*WHAT YOU ARE ASKED TO DO*
All records are to be restated word for word, with pictures excluded.

··· THE INPUT

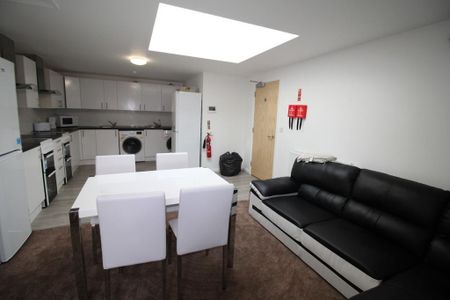 10 bedroom flat to rent - Photo 2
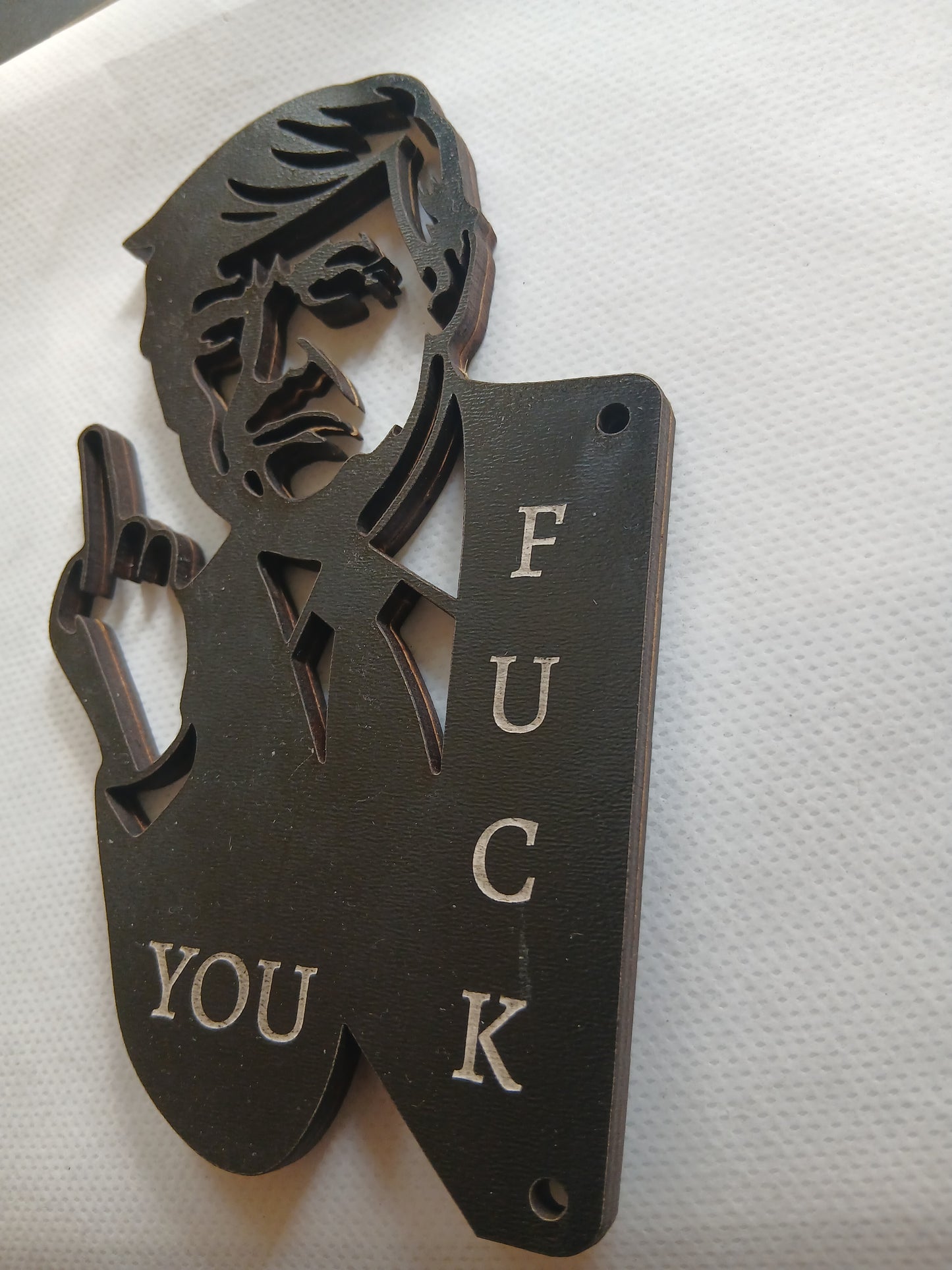 Donald Trump Mittelfinger Figur – Garten & Haus Deko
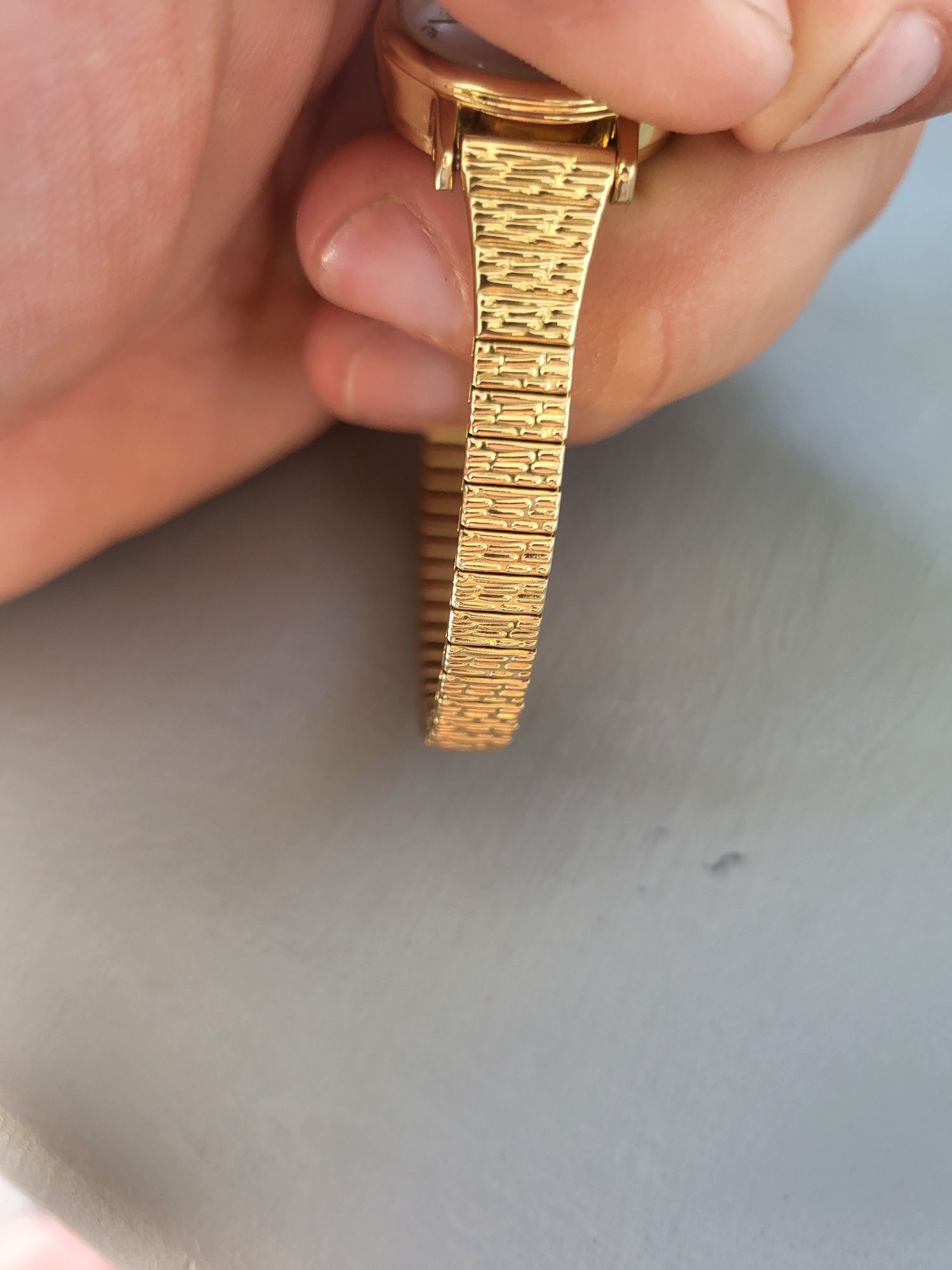 Relogio SEKONDA dourado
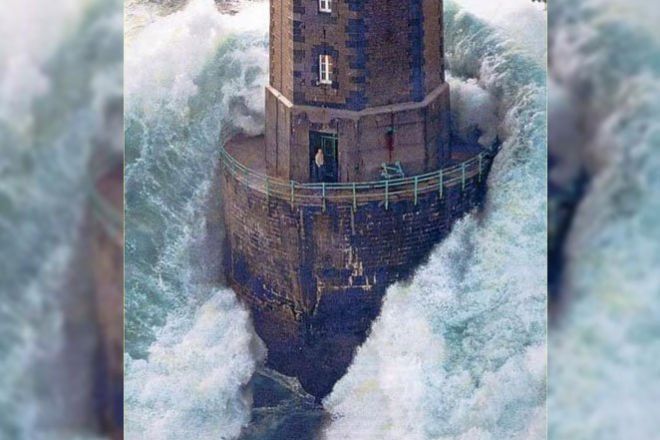 Волна на маяк
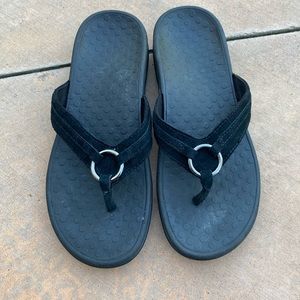 Vionic Tide ALOE Toe Post Black Suede Sandal Orthotic Arch Support sz 9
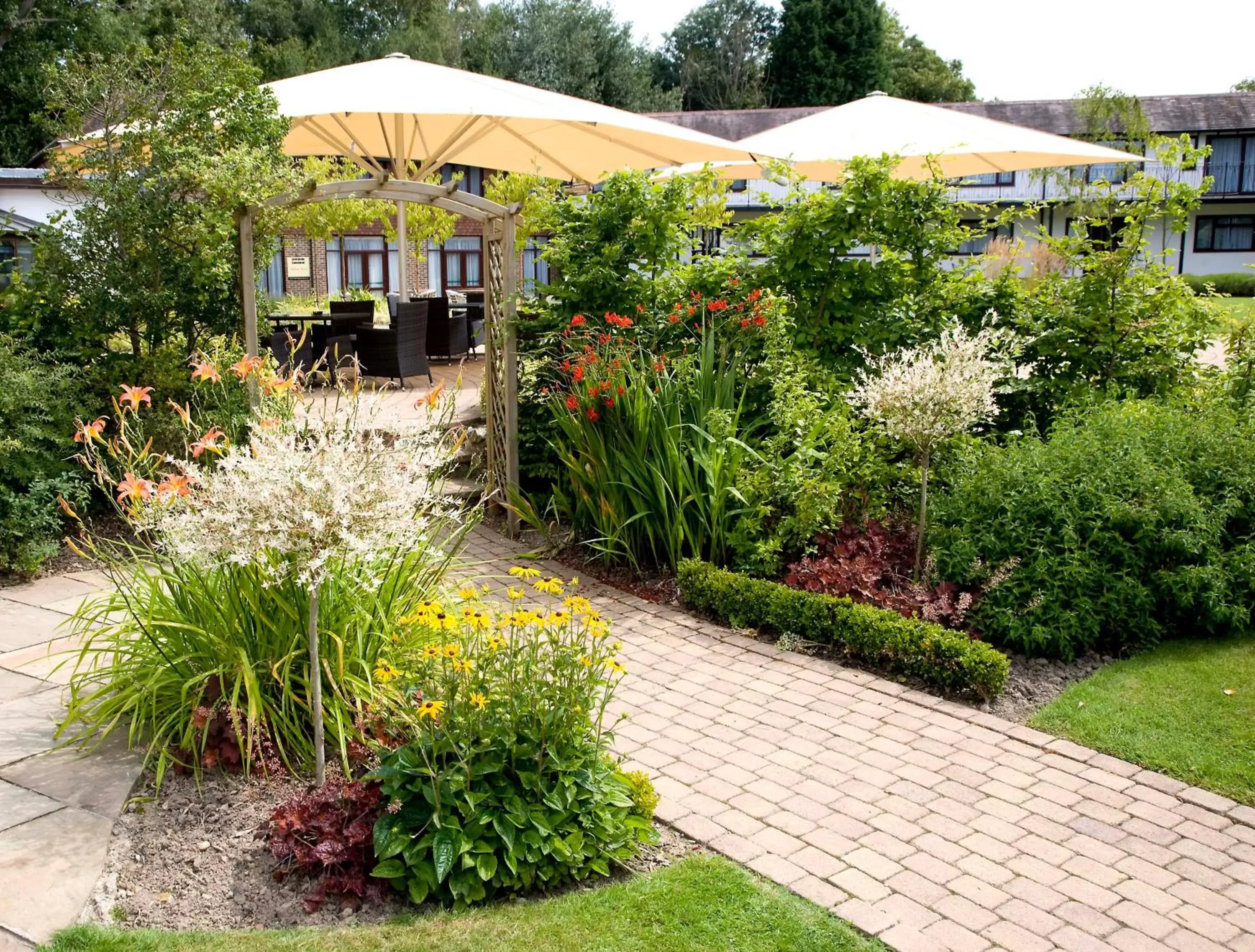 Garden in Crowne Plaza Felbridge - Gatwick, an IHG Hotel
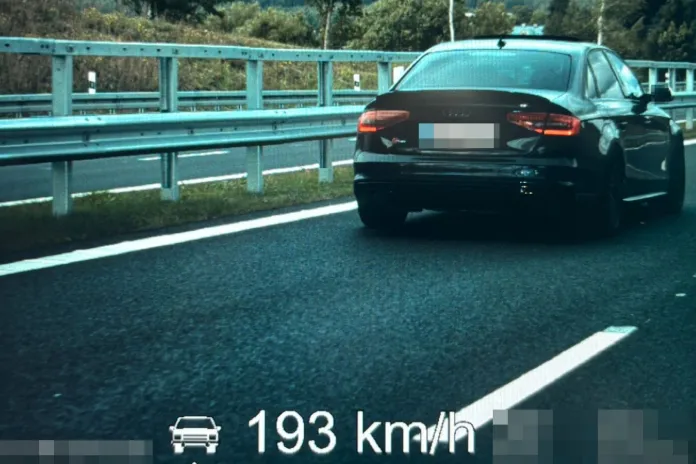 Řidič Audi předjel na devadesátce policejní hlídku téměř dvoustovkou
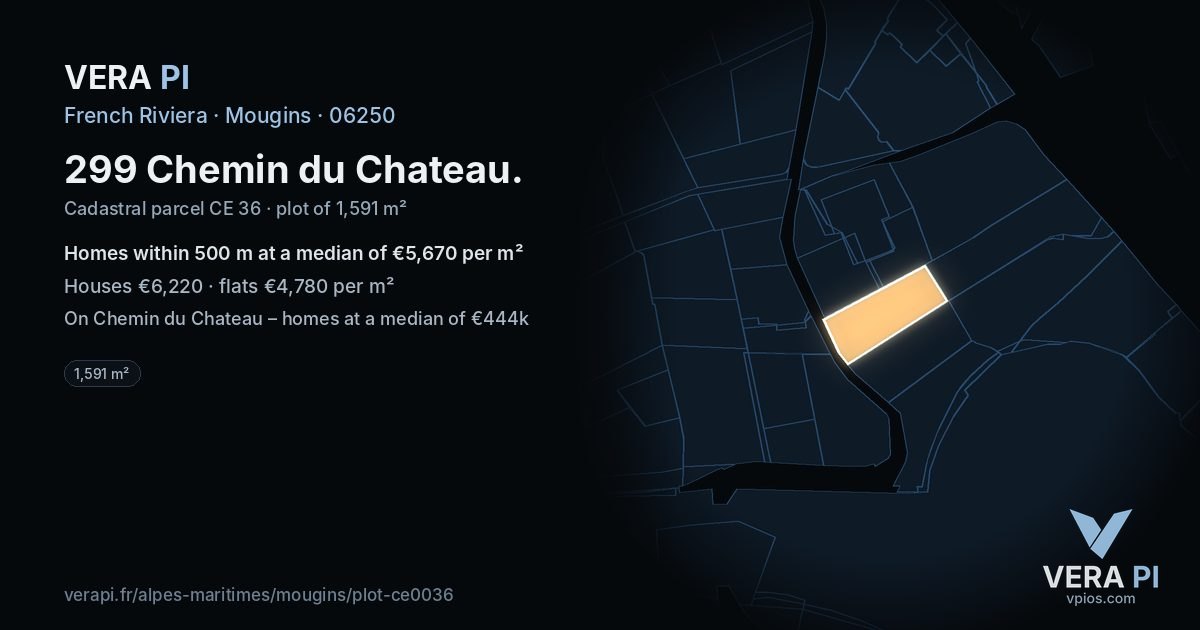 299 Chemin du Chateau, Mougins at night – the plot lit, the parcels around coloured by the prices near them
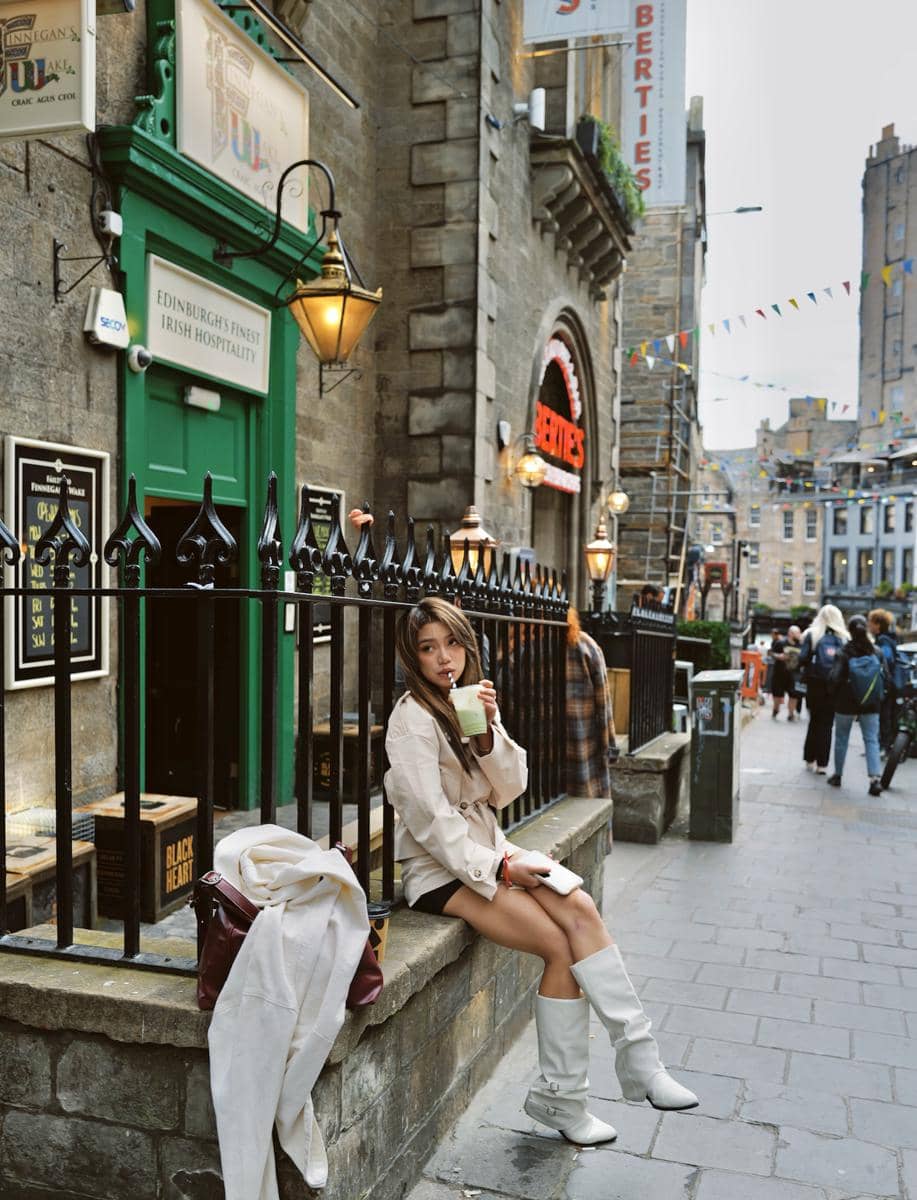 Regina Phoenix pertama kali liburan di Edinburgh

······

*WRITTEN SOLUTION*
 10 bedroom flat to rent - Photo 2
 Donald Trump Mittelfinger Figur – Garten & Haus Deko
 Relogio SEKONDA dourado
 Волна на маяк
 Vionic Tide ALOE Toe Post Black Suede Sandal Orthotic Arch Support sz 9
 Garden in Crowne Plaza Felbridge - Gatwick, an IHG Hotel
 Řidič Audi předjel na devadesátce policejní hlídku téměř dvoustovkou
 299 Chemin du Chateau, Mougins at night – the plot lit, the parcels around coloured by the prices near them
 Regina Phoenix pertama kali liburan di Edinburgh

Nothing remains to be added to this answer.